Os pós dentários foram muito populares até meados do século XIX. Aqueles que não tinham dinheiro para comprar uma escova de dentes polvilhavam o pó num dedo e poliam a placa bacteriana. A primeira pasta de dentes foi inventada em 1850 por Washington W. Sheffield, de 23 anos, que misturou pasta de dentes com glicerina. No entanto, como esta pasta era vendida em latas e sacos Staniol, secava rapidamente. Em 1876, o seu filho Lucius Tracy Sheffield teve a ideia de encher a pasta de dentes nos tubos de metal que eram então utilizados para tintas e vernizes. A ideia deu frutos e, desde então, quase todas as pastas de dentes são enchidas em tubos. Mas porque é que ainda precisamos de pasta de dentes na era das escovas de dentes modernas?

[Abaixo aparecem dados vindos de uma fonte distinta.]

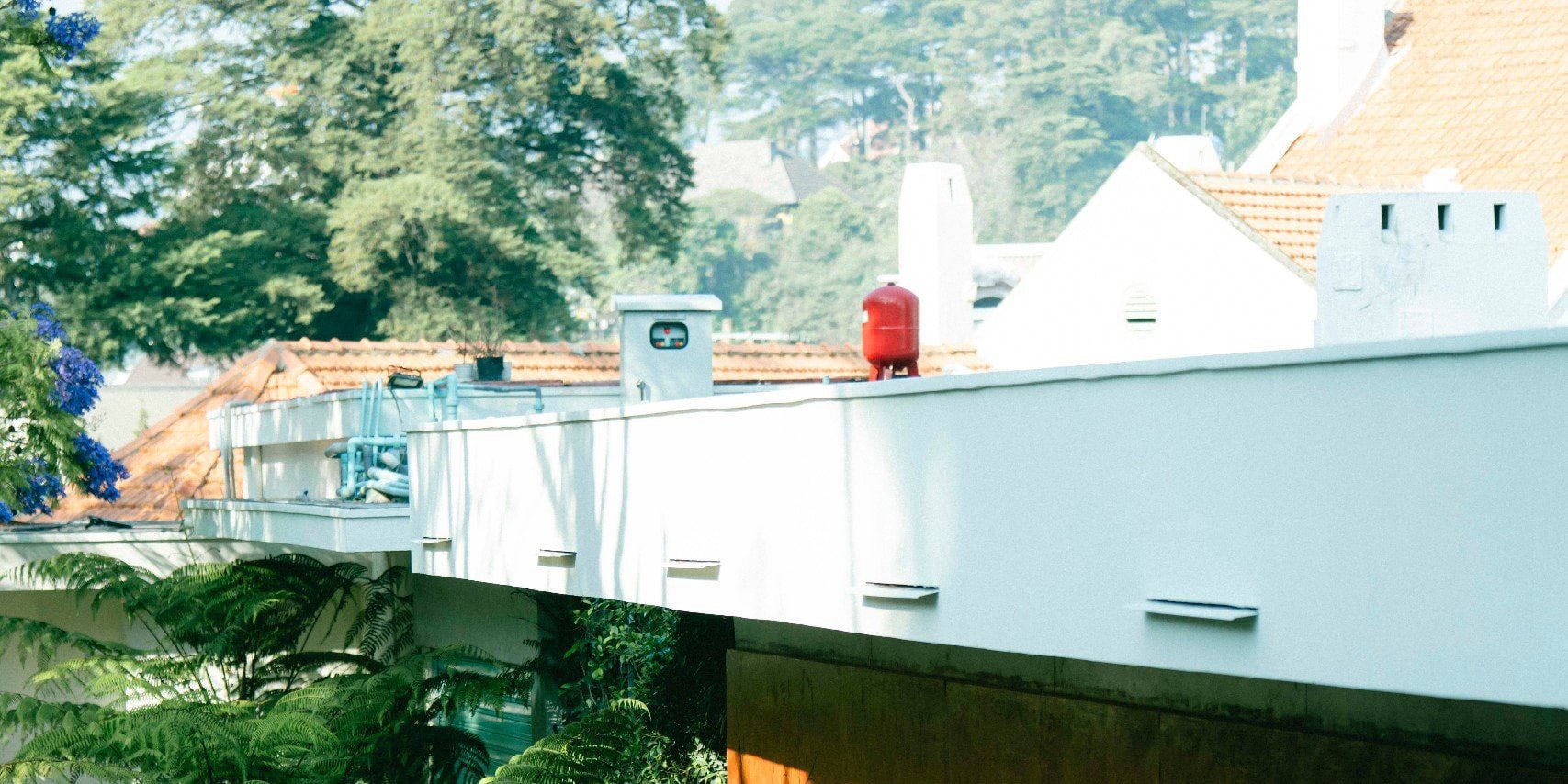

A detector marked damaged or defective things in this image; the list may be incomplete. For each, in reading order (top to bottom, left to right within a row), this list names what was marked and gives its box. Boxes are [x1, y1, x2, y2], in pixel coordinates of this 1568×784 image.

rusty orange wall [730, 649, 1568, 784]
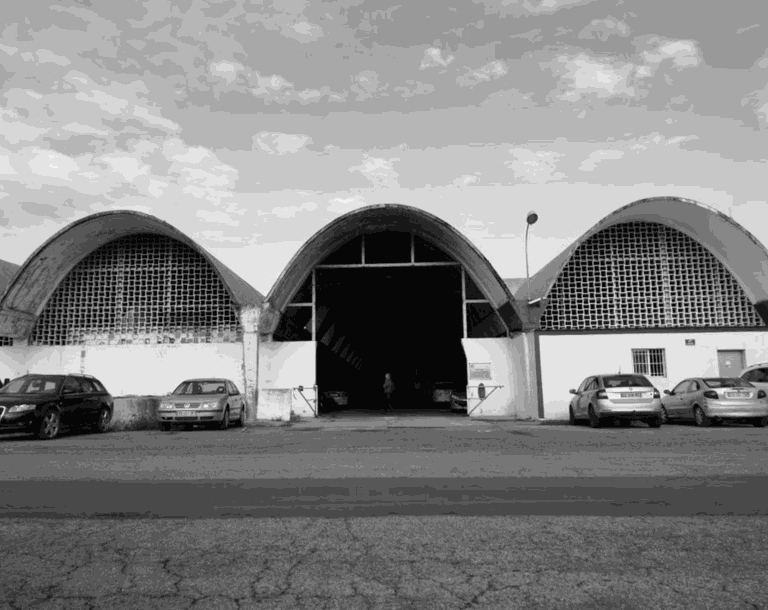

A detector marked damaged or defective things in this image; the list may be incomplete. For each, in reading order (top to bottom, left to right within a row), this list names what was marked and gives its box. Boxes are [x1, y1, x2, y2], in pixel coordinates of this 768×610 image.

cracked asphalt [1, 420, 768, 604]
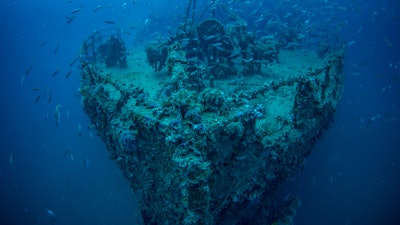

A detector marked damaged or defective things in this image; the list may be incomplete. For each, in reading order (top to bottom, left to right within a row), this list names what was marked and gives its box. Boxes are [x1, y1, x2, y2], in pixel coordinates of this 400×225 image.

rusted ship structure [79, 6, 346, 224]
corroded metal hull [79, 27, 346, 223]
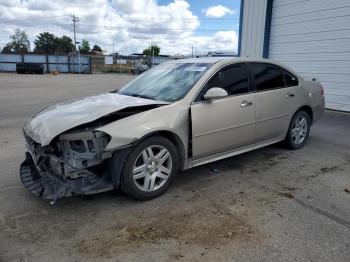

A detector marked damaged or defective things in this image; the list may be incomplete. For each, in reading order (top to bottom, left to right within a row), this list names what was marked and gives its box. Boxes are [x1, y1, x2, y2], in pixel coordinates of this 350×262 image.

smashed hood [23, 92, 168, 146]
damaged chevrolet impala [19, 57, 326, 201]
crumpled front bumper [19, 151, 113, 201]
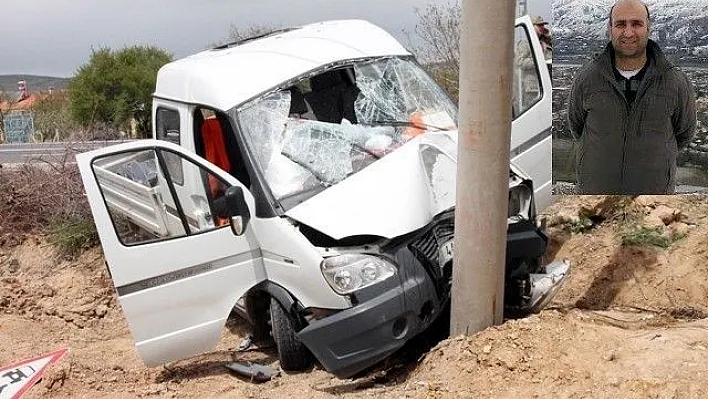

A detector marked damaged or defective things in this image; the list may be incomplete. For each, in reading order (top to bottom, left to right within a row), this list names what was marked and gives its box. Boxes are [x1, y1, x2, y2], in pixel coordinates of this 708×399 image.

crashed white van [77, 18, 568, 378]
shattered windshield [230, 56, 456, 209]
crumpled hood [286, 134, 460, 241]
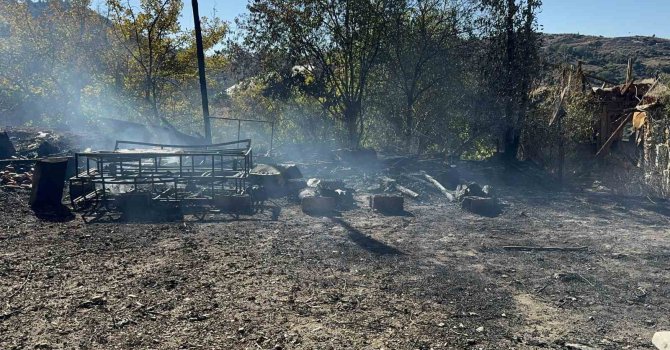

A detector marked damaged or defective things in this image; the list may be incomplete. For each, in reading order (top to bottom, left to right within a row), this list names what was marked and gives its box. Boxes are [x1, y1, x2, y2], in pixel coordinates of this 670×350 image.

rusted metal rack [70, 139, 255, 213]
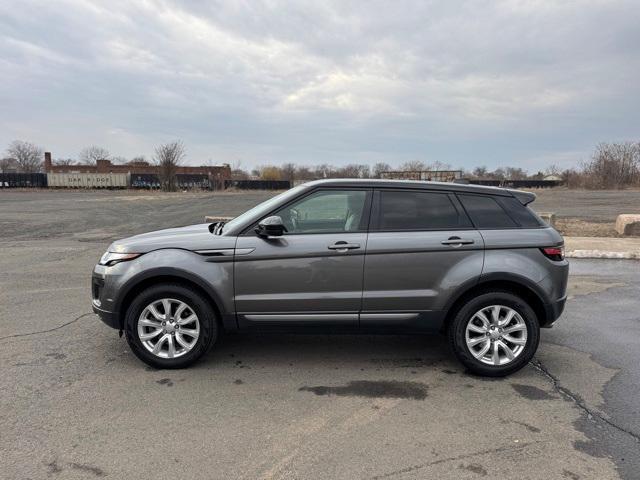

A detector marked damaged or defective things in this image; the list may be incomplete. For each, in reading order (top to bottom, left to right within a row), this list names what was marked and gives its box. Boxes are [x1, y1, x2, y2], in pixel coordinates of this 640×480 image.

crack in pavement [0, 314, 94, 344]
crack in pavement [528, 360, 640, 442]
crack in pavement [368, 440, 536, 478]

Para remover eficazmente a placa bacteriana, a fricção mecânica da escova de dentes é insuficiente. A pasta de dentes também tem de conter partículas abrasivas finas. Estes chamados abrasivos estão presentes em quase todas as pastas de dentes actuais. Para o efeito, pode utilizar giz, compostos de silicato, sílica ou pó de mármore. A pasta de dentes deve muito do seu efeito de limpeza a estes abrasivos, que fazem o trabalho principal na limpeza dos dentes. Todos os outros aditivos são meros agentes auxiliares, por exemplo, para profilaxia ou para dar um sabor fresco.

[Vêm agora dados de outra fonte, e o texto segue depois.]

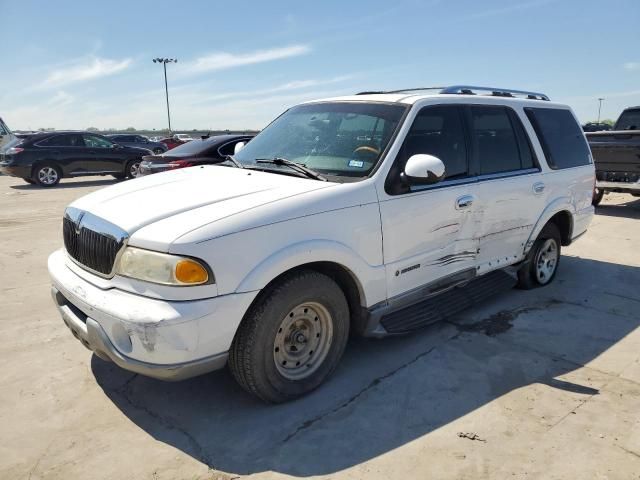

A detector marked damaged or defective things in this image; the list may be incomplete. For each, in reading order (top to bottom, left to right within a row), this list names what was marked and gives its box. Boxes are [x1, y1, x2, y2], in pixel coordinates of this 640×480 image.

cracked bumper [48, 249, 258, 380]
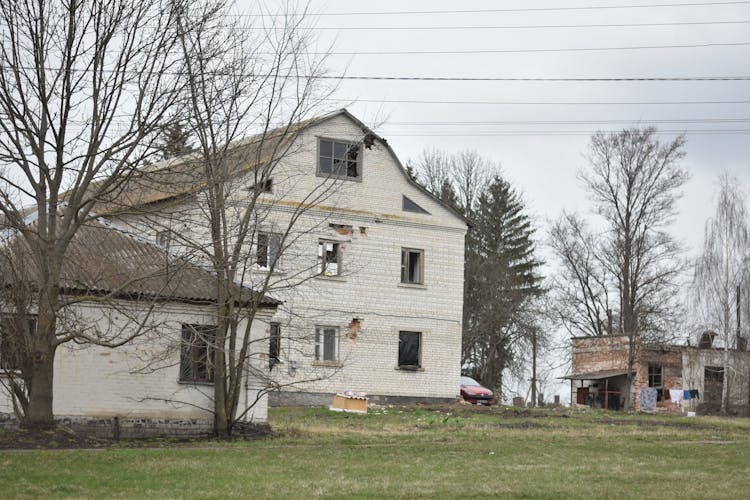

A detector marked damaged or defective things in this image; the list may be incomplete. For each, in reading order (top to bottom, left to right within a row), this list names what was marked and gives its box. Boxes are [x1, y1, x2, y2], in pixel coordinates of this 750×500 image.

broken window [318, 139, 362, 180]
broken window [402, 195, 432, 215]
broken window [258, 233, 282, 270]
broken window [318, 240, 340, 276]
broken window [402, 247, 426, 284]
broken window [0, 316, 34, 372]
broken window [180, 324, 216, 382]
broken window [316, 326, 340, 362]
broken window [400, 330, 424, 370]
broken window [648, 366, 664, 388]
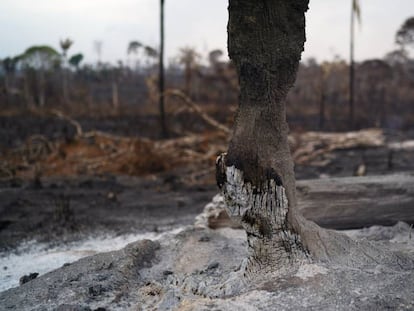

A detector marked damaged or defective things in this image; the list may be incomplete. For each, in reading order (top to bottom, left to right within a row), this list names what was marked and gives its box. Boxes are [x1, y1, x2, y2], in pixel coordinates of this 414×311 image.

fallen burned wood [200, 174, 414, 230]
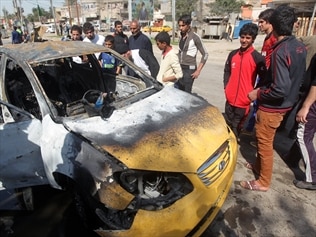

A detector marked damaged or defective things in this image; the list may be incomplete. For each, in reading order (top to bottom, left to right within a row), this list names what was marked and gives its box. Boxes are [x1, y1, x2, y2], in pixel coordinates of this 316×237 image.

burned car [0, 41, 237, 236]
destroyed vehicle [0, 41, 237, 237]
damaged hood [64, 87, 230, 172]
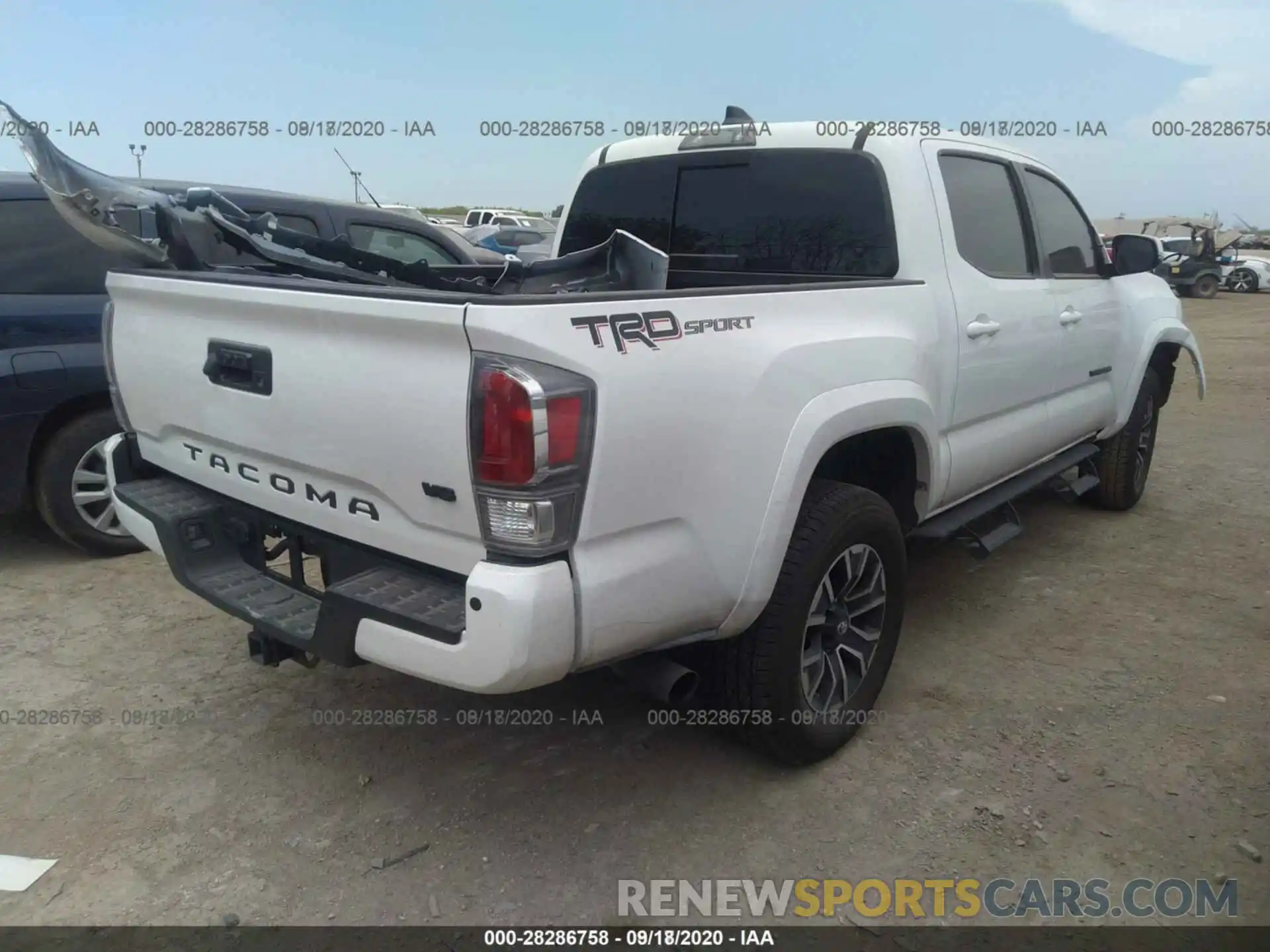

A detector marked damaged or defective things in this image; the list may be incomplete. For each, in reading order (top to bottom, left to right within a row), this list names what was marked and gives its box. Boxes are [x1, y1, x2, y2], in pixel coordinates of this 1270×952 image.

damaged hood [0, 99, 669, 296]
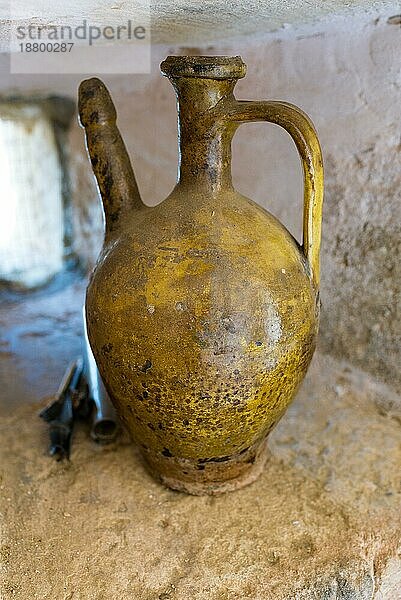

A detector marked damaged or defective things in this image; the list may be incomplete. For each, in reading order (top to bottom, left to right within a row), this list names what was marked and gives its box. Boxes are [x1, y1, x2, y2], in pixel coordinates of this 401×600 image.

corroded surface [78, 56, 322, 494]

Atualmente, muitas pessoas procuram alternativas naturais aos produtos convencionais de cuidados dentários. Uma forma óbvia de evitar ingredientes químicos são os cosméticos naturais. Os fabricantes de cosméticos naturais centram-se em ingredientes naturais e de óleos essenciais naturais para os cuidados dentários. A marca berlinense Niyok combina as propriedades de cuidado da boca do óleo de coco com as vantagens práticas da pasta de dentes. Os abrasivos suaves à base de giz garantem uma limpeza suave e completa dos dentes. A textura cremosa e ligeiramente espumosa proporciona uma sensação agradável ao escovar os seus dentes. A pasta de dentes Niyok Peppermint & Lemon é uma pasta de dentes classicamente equilibrada para aqueles que não precisam de experiências. Mas a frescura também é possível sem a hortelã. A combinação picante de erva-limão fresca e gengibre picante na pasta de dentes Erva-limão & Gengibre não convence apenas os fãs de chá de especiarias. Por outro lado, a pasta de dentes Niyok Laranja Sanguínea & Manjericão proporciona-lhe uma experiência de sabor exótico para cavidades orais mais sensíveis. Com o frutado da laranja sanguínea e o suave manjericão, proporciona-lhe uma sensação agradável na boca em cada aplicação.
Para uma limpeza suave mas completa dos dentes, a Niyok utiliza apenas abrasivos muito suaves à base de giz. Com as pastas de dentes Niyok, pode desfrutar da textura cremosa e ligeiramente espumosa e do sabor doce e fresco do óleo de coco durante a sua rotina diária de escovagem dos dentes.